> [Aim of the exercise]: Write out each line of the listing as it stands, without the images.

▶

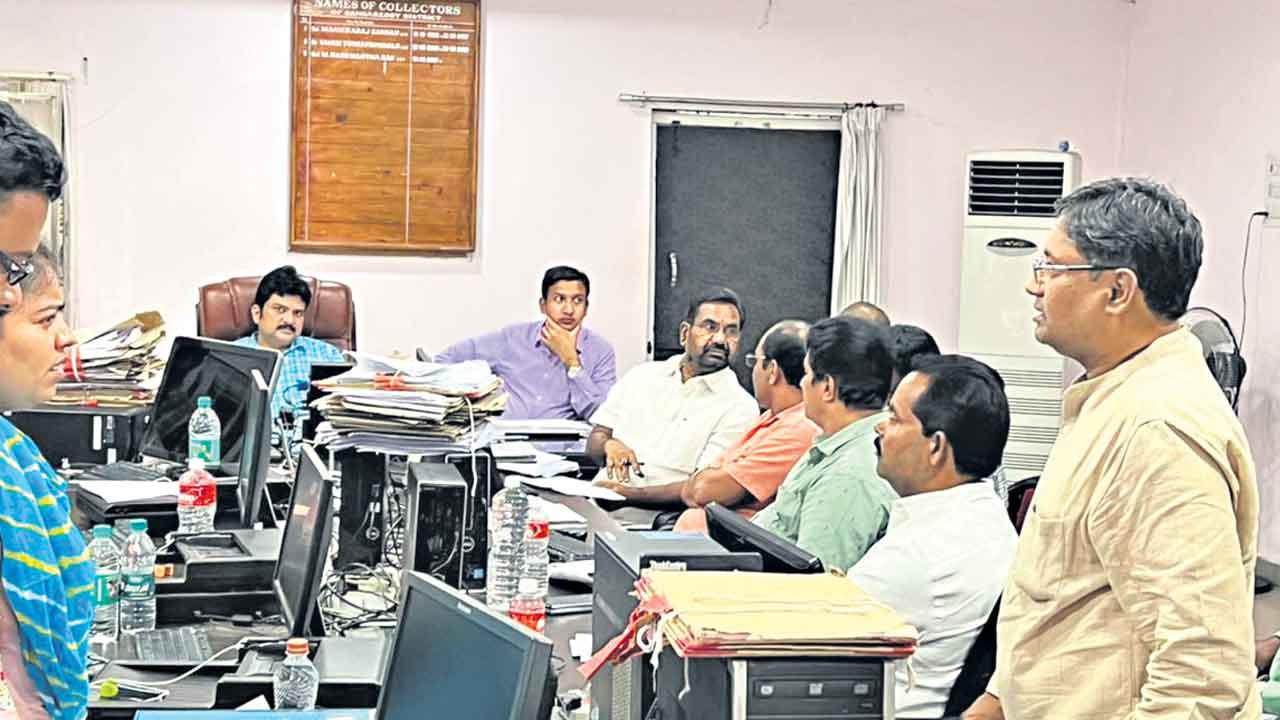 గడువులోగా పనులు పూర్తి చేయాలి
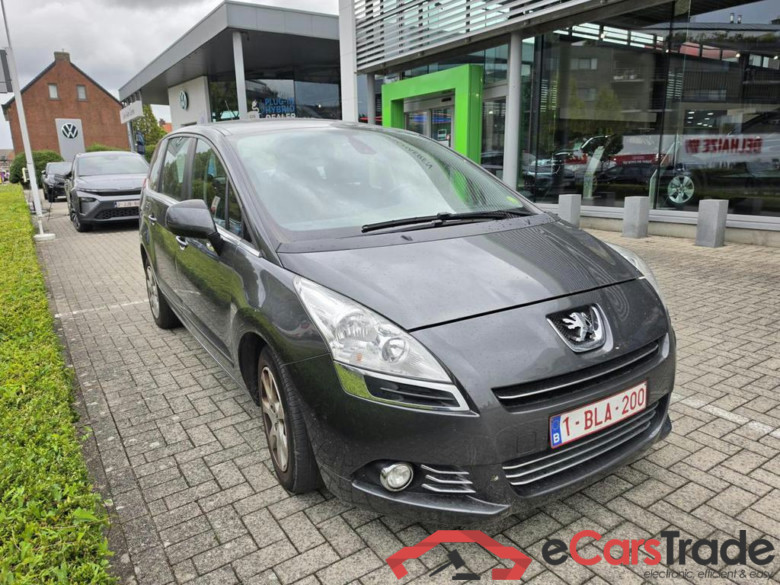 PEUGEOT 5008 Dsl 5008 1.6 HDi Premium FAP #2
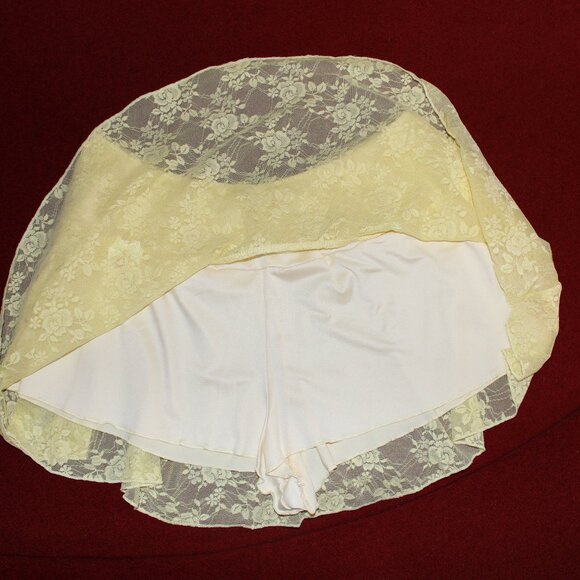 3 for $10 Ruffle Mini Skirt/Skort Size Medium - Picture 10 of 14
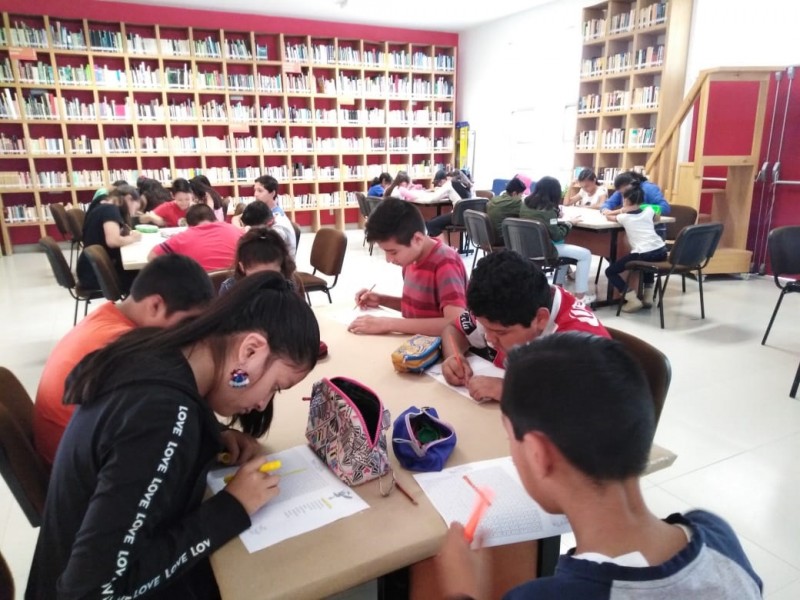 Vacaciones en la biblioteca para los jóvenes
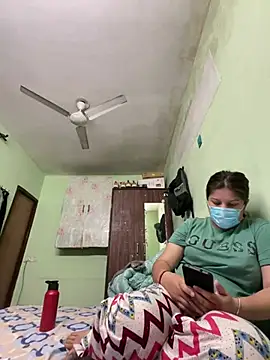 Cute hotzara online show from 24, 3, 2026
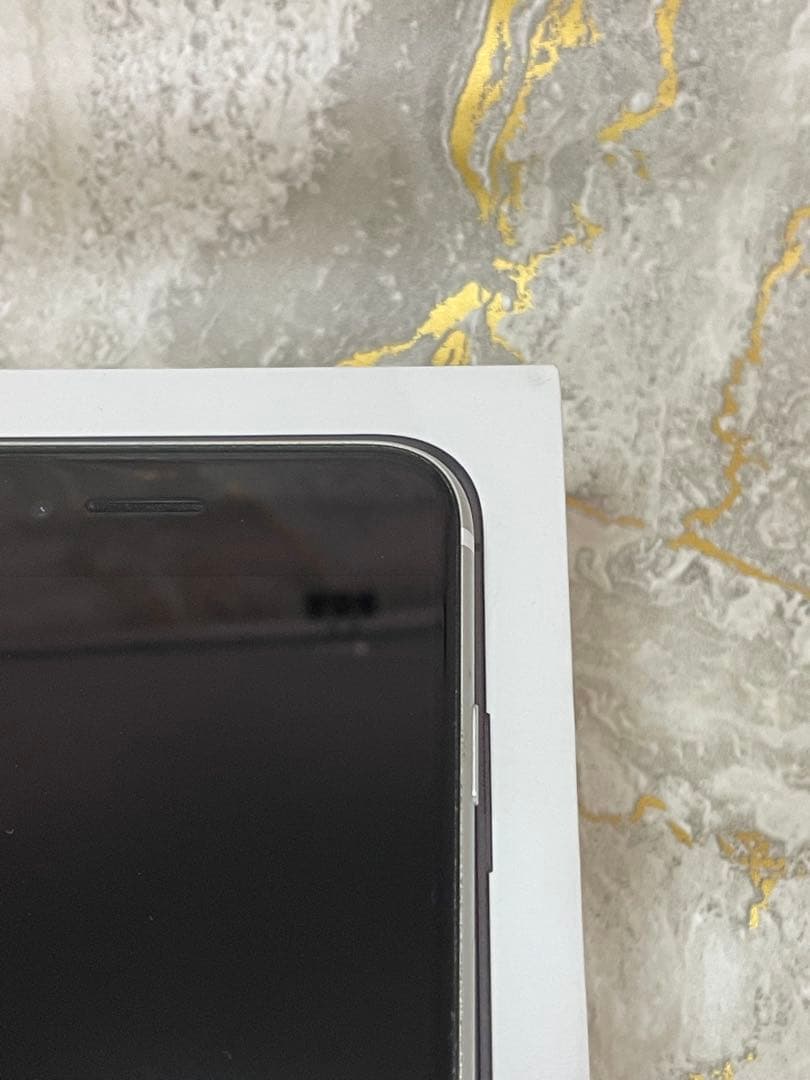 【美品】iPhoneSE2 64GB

◀

> [Output for this exercise]:
 గడువులోగా పనులు పూర్తి చేయాలి
 PEUGEOT 5008 Dsl 5008 1.6 HDi Premium FAP #2
 3 for $10 Ruffle Mini Skirt/Skort Size Medium - Picture 10 of 14
 Vacaciones en la biblioteca para los jóvenes
 Cute hotzara online show from 24, 3, 2026
 【美品】iPhoneSE2 64GB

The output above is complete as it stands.